The BIM Task Group yesterday provided further details on the implementation of the government BIM mandate, including a “stretch target” that will require government departments to electronically validate BIM data from suppliers by October 2016.
But the Department for Business, Innovation and Skills has also indicated to BIM+ that there are likely to be further announcements on the mandate, subject to confirmation with the new Construction Leadership Council.
Yesterday’s announcements were made at the ICE BIM conference by BIM Task Group member Terry Stocks, formerly of the Ministry Justice but now head of public sector at Faithful & Gould.
Stocks clarified that all centrally funded government departments will have to provide “clear and complete Employer’s Information Requirements (EIR) with all contracts” by 4 April 2016.
He also announced that a new website – www.Level2BIM.org – will be online by the April deadline. This website will become a “permanent document point of reference” and will contain all of the documentation related to the mandate along with guidance and support materials.
The ongoing reviews of PAS 1192 suite of documents – where the BSI is currently consulting on updates to PAS 1192-2 and BS1192:2007 – will also be incorporated into the new Level 2 website.
By 3 October 2016, all centrally funded departments will need to have “the capability to electronically validate BIM information delivered from the supply chain” and will also need to be “making progressively more use of supply chain data for key business activities” by this date.
BIM Task Group chairman Mark Bew explained that the stretch targets were in place to help boost the quality of data now being gathered by the industry. He told the conference: “As we move to BIM Level 3 and beyond, reliability of data is key.”
But the news raised questions for some BIM commentators. Rob Jackson, associate director at architect Bond Bryan, commented: "Whilst I applaud the need for validation, it seems an unrealistic target for industry to respond without clarity now about what will be required. Whilst we have BS 1192-4:2014 (COBie) as a basis for validation, what else will be required?
"At the moment for example there are still question marks over what data is required from product manufacturers. Will validation include NBS or CIBSE’s Product Data Templates? Industry also needs time to embed and test the data standards well in advance of any validation process being used on live projects. A year may seem a long time to some but with annual software releases and people to train this is not a lot of time to respond."
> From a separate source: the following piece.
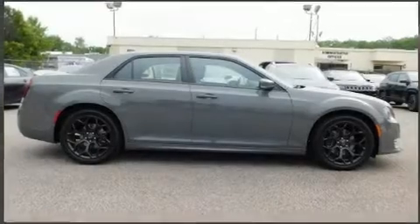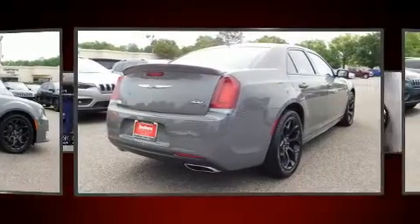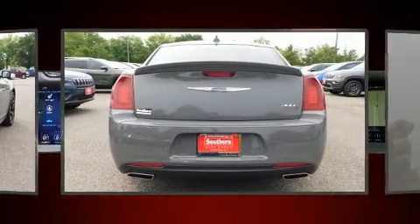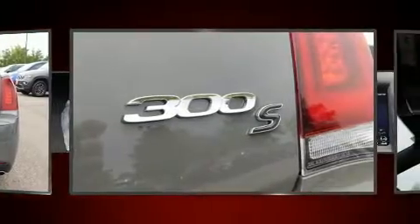You can expect a lot from the 2019 Chrysler 300. This four-door, five-passenger sedan offers the features and options for which you've been searching. It features an automatic transmission, rear-wheel drive, and a powerful eight-cylinder engine.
The announcements apparently followed a meeting of the Construction Leadership Council, the minutes of which of are currently being written up.
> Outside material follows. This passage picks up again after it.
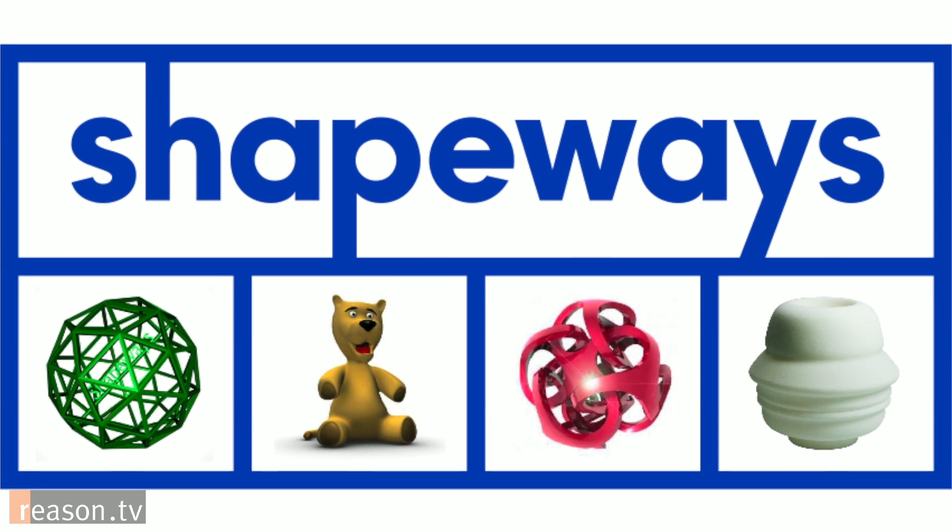You would think this is science fiction, but it's not. Hi, I'm Nick Gillespie with Reason TV, and today we're talking with Peter Weimarshhausen of Shapeways, a 3D printing company. Elaborate on what you do.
But according to a spokesperson at BIS, there is due to be another announcement further detailing the requirements of the mandate in the “near future” once the outcomes of this meeting have been signed off.
The ICE BIM audience was somewhat underwhelmed by the EIR announcement, with Luke O’Rafferty, digital engineer at Laing O’Rourke tweeting: “Given the build up, I’m not sure the announcement that government will have EIRs is that much of a surprise #icebim”
Tekla’s Duncan Reed also told BIM+ that he was “not sure how much of an announcement that was”.
The launch of the Level2BIM.org website, however, met with more enthusiasm. Reed added: “It’s great that the docs will all be in one place. At the moment you have to know where to look and then go to about 10 places to get the information you need. So this should be really useful. The guidance documents will need to really clear and written in plain language to make this really beneficial.”
At the conference it was also confirmed that BS1192:2007 is set to become ISO19650-2 Organization of information about construction works – Information management using building information modelling, with drafts set to go to ISO vote in May.
Turner & Townsend’s George Mokhtar told BIM+ that this was “a step in the right direction for portfolios spanning multiple continents, [as] ISOs are easier to implement with the supply chain”.